Dans l’article 1er, la mise en accessibilité des données publiques a été très bien présentée par l’une de vos oratrices, que j’ai écoutée avec beaucoup d’attention : rappelant que, dans la situation actuelle, les administrés demandent à l’administration de fournir un certain nombre d’éléments et que vous souhaitez que, demain, l’administration mette ceux-ci à disposition des administrés avant même qu’ils ne le demandent, elle a expliqué que ce revirement posera un problème grave aux collectivités rurales.
En effet, à l’heure actuelle, celles-ci ne parviennent déjà pas à dématérialiser de simples données comptables parce que le débit n’est pas suffisant : il y a donc déjà une rupture d’égalité. Comment ces collectivités locales feront-elles demain pour appliquer la loi qui sera probablement votée dans les jours qui viennent et pour mettre à disposition de leurs administrés, au même titre que pour les autres institutions, les données qui seront exigibles par chacun en application de cette loi ?
Cela m’amène à une réflexion sur d’autres types d’inégalités et à un constat très simple : il aurait été bien préférable de mettre en début de ce texte la partie qui s’y trouve à la fin, même si elle ne fait qu’évoquer la question des infrastructures qui permettront peut-être un jour de combler le gouffre entre ceux qui sont déjà bien équipés, et qui se trouvent aujourd’hui dans les ensembles urbains importants, et ceux qui ne le sont pas et n’ont malheureusement aucune perspective de l’être.

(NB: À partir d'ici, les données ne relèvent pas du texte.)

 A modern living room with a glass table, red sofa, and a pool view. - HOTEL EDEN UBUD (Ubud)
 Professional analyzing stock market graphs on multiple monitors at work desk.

Pour vous citer un exemple, dans mon département de l’Aveyron, comme partout, une structure a été créée pour mettre en oeuvre le plan France Très Haut Débit. Cette structure prévoit une contribution, à hauteur de 10 euros par an et par habitant pendant quinze ans, à ce qui ne sera très souvent que de la montée en débit, et non du FTTH. Cette montée en débit améliorera la situation de 30 % de la population, les 30 % déjà les mieux desservis.
Ainsi, en 2020-2025, 70 % des gens habitant en zone rurale n’auront pas accès aux technologies – lesquelles auront nécessairement évolué dans l’intervalle – ni aux données publiques que vous voulez rendre accessibles avec cet article. De surcroît, ils feront face à une administration qui ne pourra pas appliquer la loi – si ce texte est voté en l’état.